Dataset entries:
^^^^^^^^
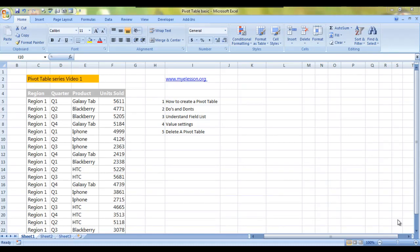Hello everybody and welcome to my e-lesson. Today I'm going to tell you how to use pivot tables and what are their basic do's and don'ts, understanding of field list, what we mean by value settings, and how to delete a pivot table. This is video number one for the pivot table series, a very basic introduction to pivot tables.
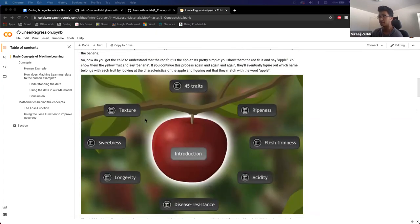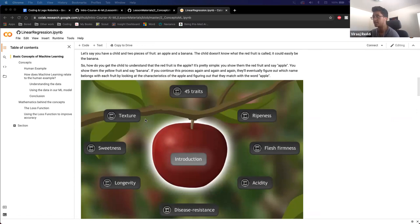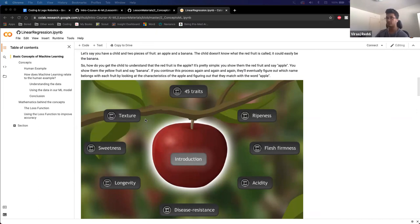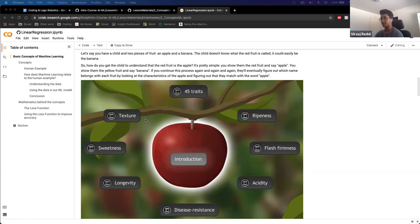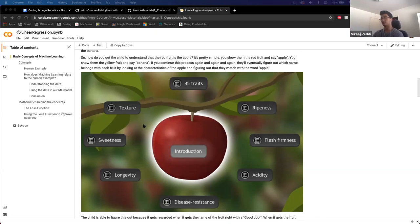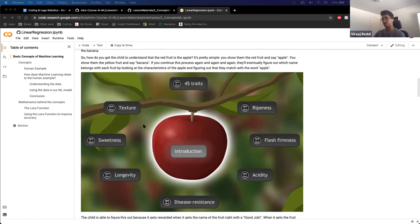Let's say you have a kid — a little child — and you want to teach them the difference between an apple and a banana. The kid doesn't know what the red fruit is called; they might think it's a banana. So your goal is to get the kid to understand that the red fruit is the apple. You just show them the red fruit and say 'apple,' show them the yellow fruit and say 'banana.' If you continue this over and over, they'll figure out the name apple is affiliated with the red fruit, and banana with the yellow fruit. And if you give them an apple, they'll figure it out from the texture, how long it lasts, how it feels, the color — all its various traits.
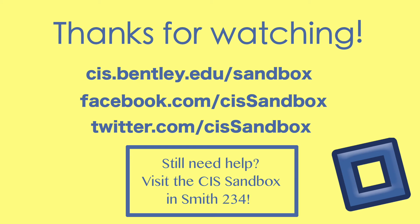Thank you. And check out the CIS Sandbox for more help on this subject. Thanks, have a great day.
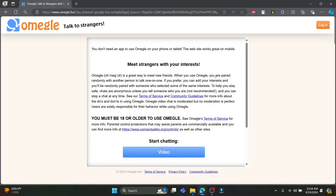Talking about Omegle, it is a great way to meet friends. When you use Omegle, you are paired randomly with another person to talk one-on-one. If you prefer, you can add your interests and you'll be randomly paired with someone who selected some of the same interests. To help you stay safe, chats are anonymous unless you tell someone who you are.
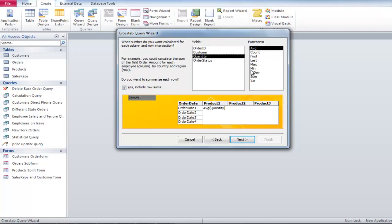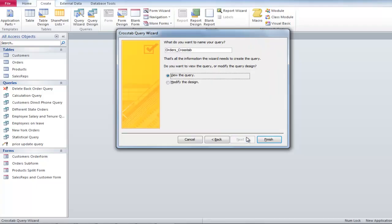In this example, we have selected quantity and sum from the fields and functions groups. This will show the total number of bottles sold. Change the name of the query so that it is easy for you to run the query again in the future.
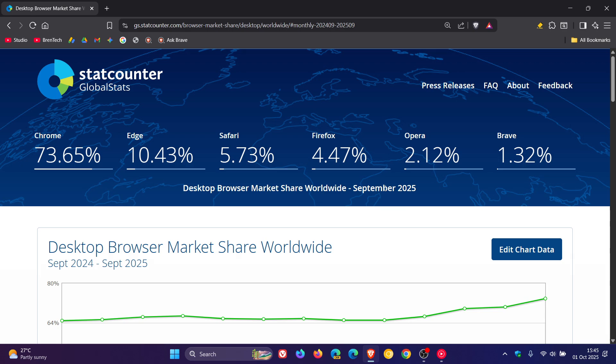So as you can see, we have the latest StatCounter global results for the desktop browser market share worldwide.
^^^^^^^^
_WHAT YOU HAVE TO DO:_ Nothing but the lines from the one containing "Thank you. And" through the last line of the records should appear in the copy, exactly as written and without pictures.

_RESPONSE TO THIS EXERCISE:_
Thank you. And check out the CIS Sandbox for more help on this subject. Thanks, have a great day.
Talking about Omegle, it is a great way to meet friends. When you use Omegle, you are paired randomly with another person to talk one-on-one. If you prefer, you can add your interests and you'll be randomly paired with someone who selected some of the same interests. To help you stay safe, chats are anonymous unless you tell someone who you are.
In this example, we have selected quantity and sum from the fields and functions groups. This will show the total number of bottles sold. Change the name of the query so that it is easy for you to run the query again in the future.
So as you can see, we have the latest StatCounter global results for the desktop browser market share worldwide.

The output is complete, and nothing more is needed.